-Peter Yee
y...@ames.arc.nasa.gov
ames!yee
The GNU-Emacs tinymud.el program will take care of this, but it introduces
another problem. Some people think they're being really clever when they
format a description for an 80-column screen by putting in whitespace at the endof a line and by doing what I just did here, namely not having any space between
"end" and "of" so that it'll wrap properly. This makes things look really
silly for those of us who either use tinymud.el (and I assume Nightfall's
program) or who have other than 80-char screens. Maybe as better front-ends
proliferate this nasty formatting habit will disappear.
- Drax
A pointer to Nightfall's program would be greatly appreciated.
-Peter Yee
y...@ames.arc.nasa.gov
ames!yee
I tried using the Unix fmt program to wordwrap incoming stuff, which was
somewhat successful, except that it tended to delete carriage returns. What a
bummer.
Right now my entire adventure is formatted to be easy-readable in 80
columns. This is also a pain, since 1) It takes much longer for me to write it,
and I constantly feel a loss of artistic quality when I am forced to reword so
that a line will fit; 2) People with wordwrap must turn it OFF, or the adventure
will look like Spam. Bummer.
I suggested the idea of building wordwrap directly into TinyMud, but fur
and Nymph violently opposed me, saying it would be too hard; i don't think so,
but then, I'm a Banzai, right? :) But I find that wordwrapped text reads much more
smoothly, and makes an adventure much more enjoyable.
-Buckaroo
"He had a deep face, which is to say his head was more than a hairball,
by which I mean he had brains enough to stick his hands in his pockets without
seeking an audience with the pope."
-Orson Scott Card
A quick fix for this is to insert a line in the tinymud_mode function that
sets the fill-column to 79. This will allow lines to take up the whole
width, rather than emacs' default, which seems to be about 65.

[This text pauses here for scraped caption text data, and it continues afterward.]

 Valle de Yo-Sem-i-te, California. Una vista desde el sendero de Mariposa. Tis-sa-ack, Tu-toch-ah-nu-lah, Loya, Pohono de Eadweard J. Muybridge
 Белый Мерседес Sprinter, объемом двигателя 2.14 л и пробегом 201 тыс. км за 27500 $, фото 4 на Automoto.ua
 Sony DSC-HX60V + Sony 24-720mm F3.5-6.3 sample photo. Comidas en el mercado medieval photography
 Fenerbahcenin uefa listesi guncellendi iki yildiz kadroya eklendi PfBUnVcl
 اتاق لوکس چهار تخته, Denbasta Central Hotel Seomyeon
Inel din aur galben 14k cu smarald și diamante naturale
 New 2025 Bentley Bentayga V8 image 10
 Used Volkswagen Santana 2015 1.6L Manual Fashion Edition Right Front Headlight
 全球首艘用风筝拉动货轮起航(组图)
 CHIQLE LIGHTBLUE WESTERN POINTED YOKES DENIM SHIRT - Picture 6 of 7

It wouldn't be *hard* to build it in, but it doesn't make much sense
to put that in the server. For one thing, keeping the server as small
as possible means that it will be faster (definitely desirable, unless
someone would volunteer a faster machine for TinyMUD :-).
A better argument against putting it in the server is simple: word
wrap varies from system to system. Obviously, some people may use 80
columns and others use 132; a few people may even be using 40 or 64.
Less obviously, people with Macintoshes or the like may be using fonts
with proportional spacing (if not now, then in the future). In this
case, the server doesn't know how to do the wrapping....
Anton Rang (aka Tarrant)
+---------------------------+------------------+-------------+
| Anton Rang (grad student) | ra...@cs.wisc.edu | UW--Madison |
+---------------------------+------------------+-------------+
Well, there could be a @wrap <n> command, default something normal for
80-column screens, and robots can @wrap 0, to keep their parsing sane.
I don't particularly care whether the server does wrapping or not.